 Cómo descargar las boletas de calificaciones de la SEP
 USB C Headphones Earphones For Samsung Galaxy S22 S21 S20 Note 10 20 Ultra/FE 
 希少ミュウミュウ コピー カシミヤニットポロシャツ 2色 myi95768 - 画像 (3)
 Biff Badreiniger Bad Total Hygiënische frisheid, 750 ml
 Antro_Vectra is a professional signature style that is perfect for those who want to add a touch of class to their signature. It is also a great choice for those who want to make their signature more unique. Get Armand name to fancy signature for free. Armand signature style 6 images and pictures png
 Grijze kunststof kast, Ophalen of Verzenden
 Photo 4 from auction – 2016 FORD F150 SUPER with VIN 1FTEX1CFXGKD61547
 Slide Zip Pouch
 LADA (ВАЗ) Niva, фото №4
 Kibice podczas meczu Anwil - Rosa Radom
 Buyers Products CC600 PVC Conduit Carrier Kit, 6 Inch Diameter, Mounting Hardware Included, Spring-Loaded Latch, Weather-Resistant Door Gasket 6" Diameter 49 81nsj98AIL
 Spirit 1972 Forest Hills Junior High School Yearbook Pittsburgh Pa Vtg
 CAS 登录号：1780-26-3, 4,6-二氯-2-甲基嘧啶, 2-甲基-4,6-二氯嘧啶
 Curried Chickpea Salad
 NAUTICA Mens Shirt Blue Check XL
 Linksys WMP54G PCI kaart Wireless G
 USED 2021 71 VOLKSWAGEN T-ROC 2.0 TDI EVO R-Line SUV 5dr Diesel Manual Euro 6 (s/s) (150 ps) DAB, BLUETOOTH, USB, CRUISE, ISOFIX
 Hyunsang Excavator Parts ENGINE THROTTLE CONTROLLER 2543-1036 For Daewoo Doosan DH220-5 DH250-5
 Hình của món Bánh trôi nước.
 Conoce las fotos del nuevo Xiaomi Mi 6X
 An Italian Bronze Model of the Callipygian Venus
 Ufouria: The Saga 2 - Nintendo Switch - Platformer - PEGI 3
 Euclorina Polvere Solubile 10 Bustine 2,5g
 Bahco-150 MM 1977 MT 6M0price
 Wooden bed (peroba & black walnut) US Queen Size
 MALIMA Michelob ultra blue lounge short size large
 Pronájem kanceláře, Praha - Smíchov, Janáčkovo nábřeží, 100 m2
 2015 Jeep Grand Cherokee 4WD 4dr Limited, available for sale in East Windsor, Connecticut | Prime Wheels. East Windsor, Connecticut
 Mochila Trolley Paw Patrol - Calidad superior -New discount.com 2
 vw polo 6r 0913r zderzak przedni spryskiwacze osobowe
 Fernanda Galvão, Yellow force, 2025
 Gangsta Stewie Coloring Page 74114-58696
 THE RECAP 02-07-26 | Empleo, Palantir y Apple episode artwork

- - -

(YOUR INSTRUCTIONS): Print the line with "Mochila Trolley Paw" and every line after it in the entries above, exactly as written. Leave out all other lines.

(EXERCISE RESULT):
 Mochila Trolley Paw Patrol - Calidad superior -New discount.com 2
 vw polo 6r 0913r zderzak przedni spryskiwacze osobowe
 Fernanda Galvão, Yellow force, 2025
 Gangsta Stewie Coloring Page 74114-58696
 THE RECAP 02-07-26 | Empleo, Palantir y Apple episode artwork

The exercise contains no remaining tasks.